I can count OK Computer among the handful of albums that have majorly transformed my expectations of the art form known as music. Forget, for a moment, the onslaught of critical praise, the uniform adoration by fans. Forget the self-indulgent comparisons to 21st century alienation. Forget the solid gold statues that will inevitably be erected for this "Best Album of the '90s". Remember what it is. It is a record. It is music that Radiohead (like thousands of other artists) decided to share with the world - all in the hope that people would enjoy and absorb it as it was. Whether or not it is the "best" or "most overrated" is irrelevant. The conceptual prowess of the album seeps through, rain or shine, and you realize that the band is, at the least, saying something of significance.

My personal journey along the shifting landscapes of OK Computer is distinctly a tourist's journey. I find myself in a trolley car, alternating in speed as we move through an inverse world, completely forgotten by time. Singer Thom Yorke is the tour guide, pointing out all the amazing, horrendous and electrifying sights. "Airbag" slides along next to the trolley, bubbling up with DJ Shadow's bottles-in-a-trash bag drum line. The scene immediately gives way to "Paranoid Android," a hyper-advanced civilization in the distant background, building up and falling down in a fast-forward opera.
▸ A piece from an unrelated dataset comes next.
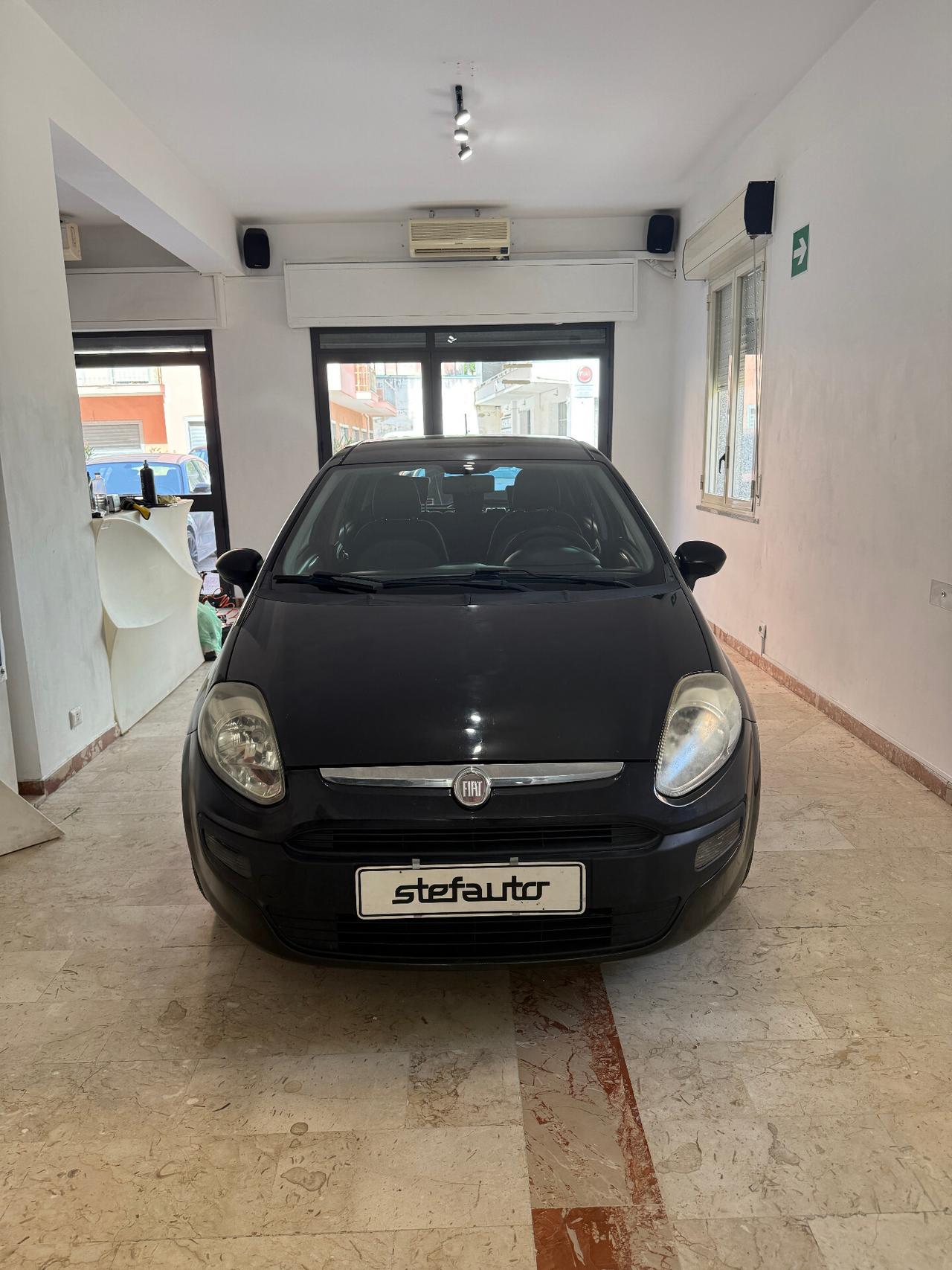 Fiat Punto Evo 1.3 Mjt 95 CV DPF 5 porte S&S Dynamic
Yorke highlights the biggest cultural phenomenon - the decadent "Gucci little piggy" at the height of it's power and the mournful chant, "God loves his children," as the crumpled aftermath ensues.

As the trolley passes a crystalline field of ruined planes, cars and trains, the glimmering notes of "Let Down" ring out, quickly undercut by a repeated message on a malfunctioning robot. "Fitter. Happier. More productive. Not drinking too much" - the automated life coach of a bygone era. "No Surprises" and "Lucky" bring the trolley back out to the expansive wastes, a spaghetti western guitar tumbling along with searing gusts of wind. And then the final stop - "The Tourist." While it is certainly a bit of ironic self-assessment, the atmosphere provided is far more prevalent. The glass guitar notes force the trolley upward into space, while Yorke frames the experience, "you ask me whether or not I'm going, at a thousand feet per second."

In all honesty, my experience with Radiohead's OK Computer has waned since our introduction. Where, at first, it was like bathing myself in profound musical goo, the album has now become more of a cherished artifact on my wall. I can still enjoy its composition and texture thoroughly, but, in terms of my personal music journey, OK Computer ended up being a gateway to better things.